There’s a scarcity of jobs compared with the number of applicants, and very few high-ranking and ‘big impact’ journals. This means that the research decisions that scientists make, particularly early on, are high-risk wagers about what will be fruitful and lead to a decent career. The road to academic stardom (and, for that matter, academic mediocrity) is littered with brilliant, passionate people who simply made bad bets. In such an environment, researchers are bound to be conservative – with the stakes set so high, taking a punt on something outlandish, and that you know is likely to hurt your career, is not a winning move.

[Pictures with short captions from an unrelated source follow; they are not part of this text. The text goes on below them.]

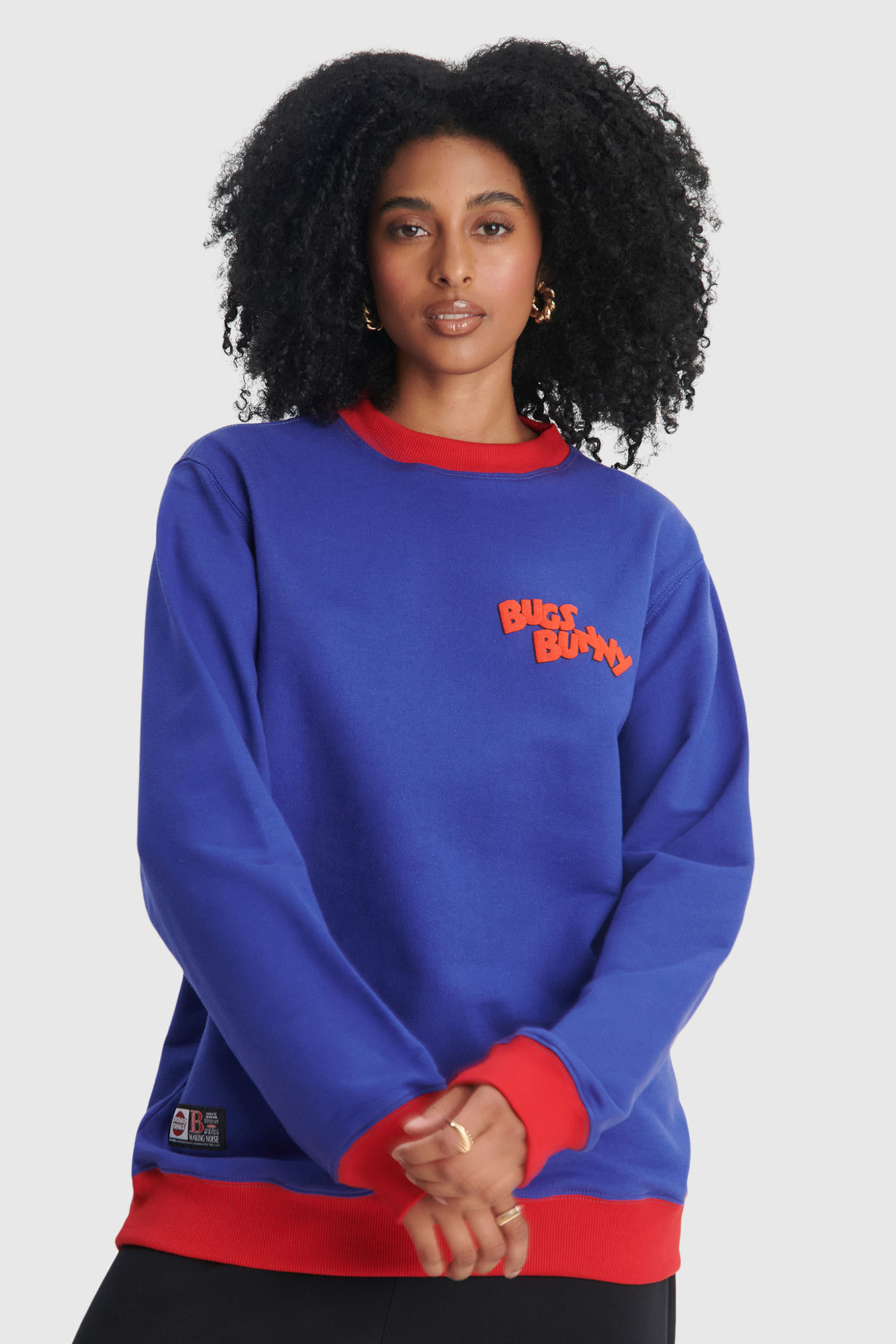 SWEATSHIRT BUGS BUNNY BAW X LOONEY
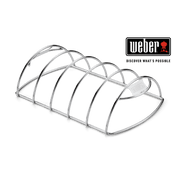 WEBER Rib rack, 6605 - WEBER - Evelostore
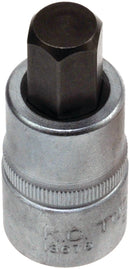3/8" Drive Socket, In-Hex 7mm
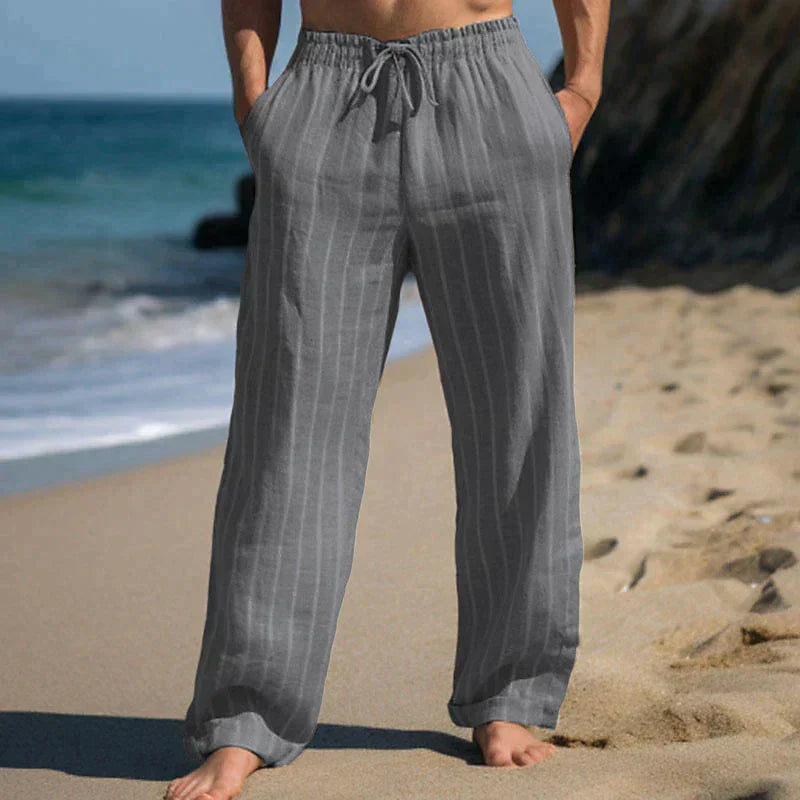 Ryan – Pantalon en lin élégant et confortable pour homme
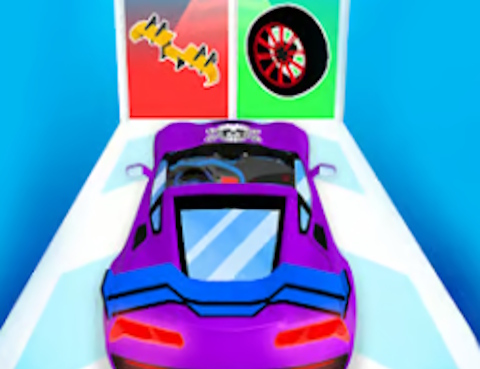 Gioco Costruisci la tua corsa con il veicolo  in linea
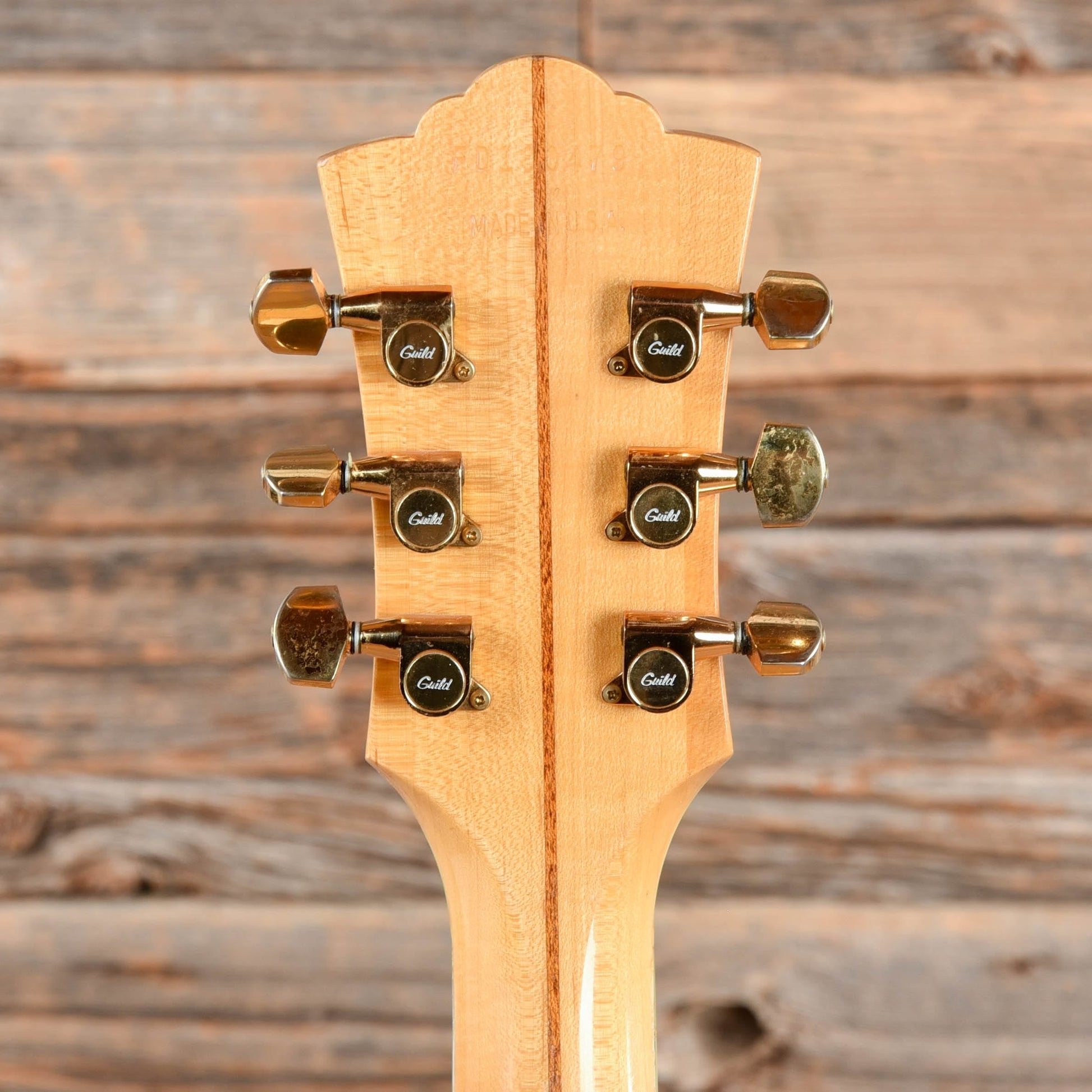 Guild F50 Bld Natural 1982 Acoustic Guitars / Jumbo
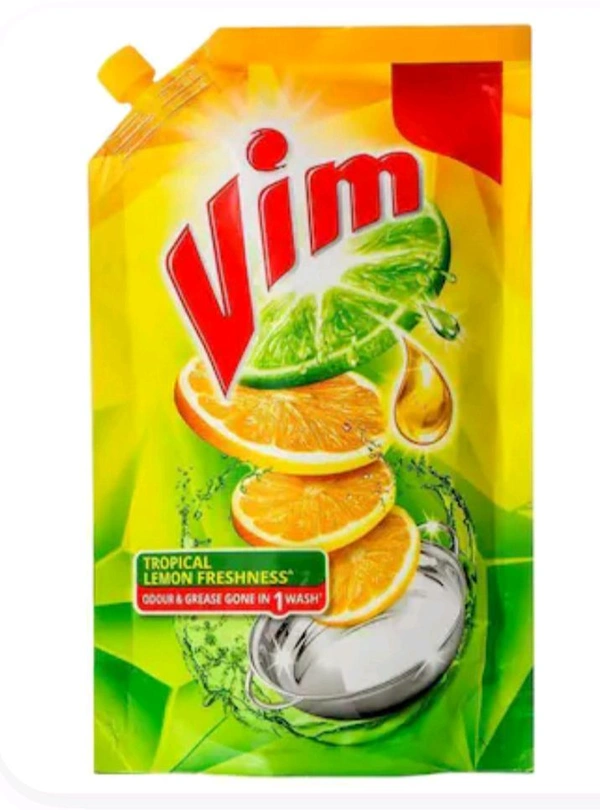 Vim Dishwash Liquid Gel Bittal (Lemon) 2 Liter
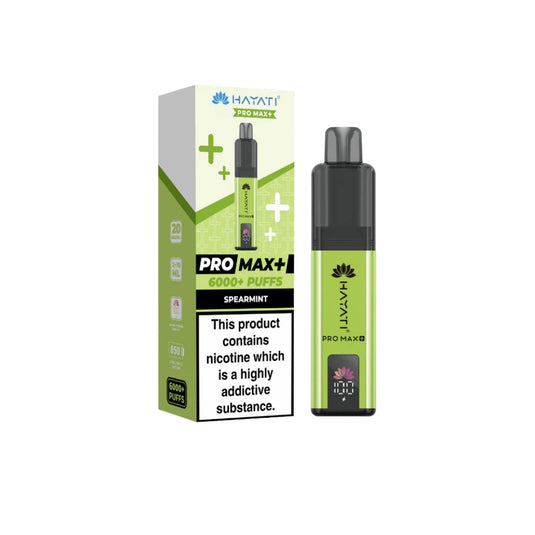 Hayati Pro Max Plus 6000 Puffs Prefilled Pod Kit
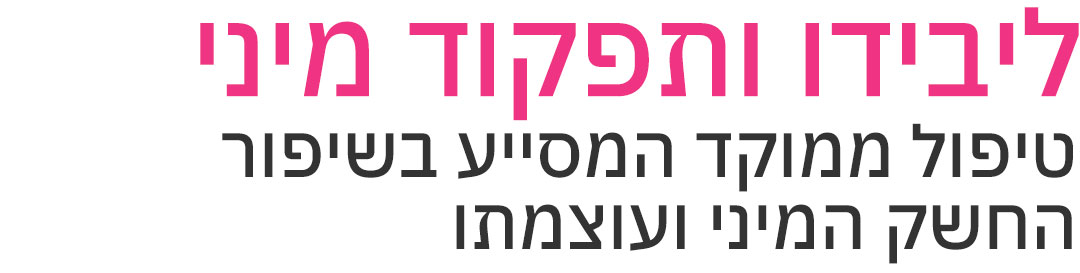 ליבידו ותפקוד מיני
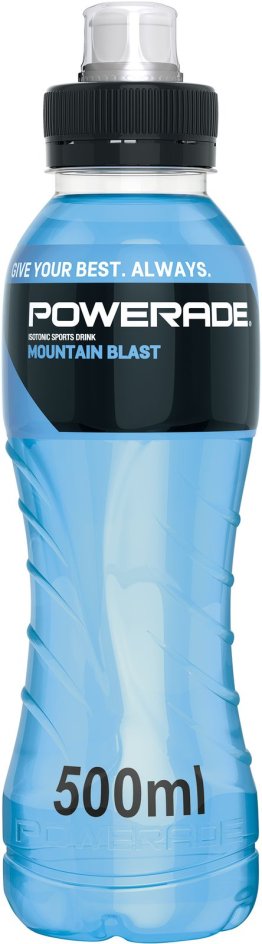 Powerade Mountain Blast Pet EW 4 x 50cl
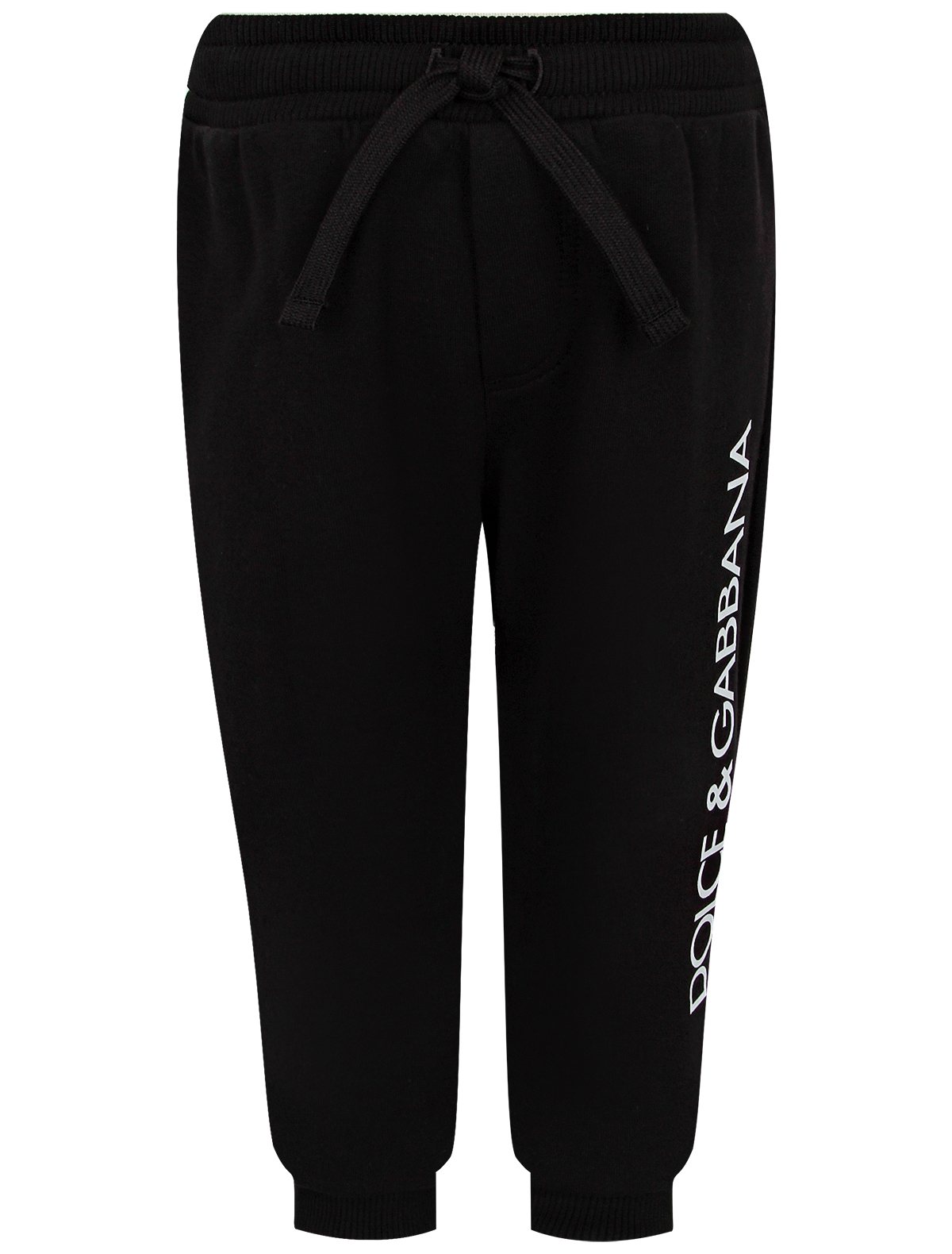 Брюки спортивные Dolce & Gabbana 2594156, цвет черный, размер 2 4244519381960 - фото 1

The resulting mediocrity shows.

The biologist Barbara McClintock devoted enormous effort and paid a very high price for her path-breaking research into so-called ‘jumping genes’ in the mid-20th century.

The response from the scientific community was initially hostile – not to the basic phenomenon McClintock had discovered, but to the complex, interwoven picture of biological systems that she developed on the back of the discovery. For 20 years, McClintock was forced to switch gears completely and work on the study of maize. It wasn’t until the 1970s that her peers came around, and she was duly awarded the Nobel Prize in 1983. ‘One must await the right time for conceptual change,’ she wrote in a shoulder-shrugging letter to a fellow geneticist in 1973.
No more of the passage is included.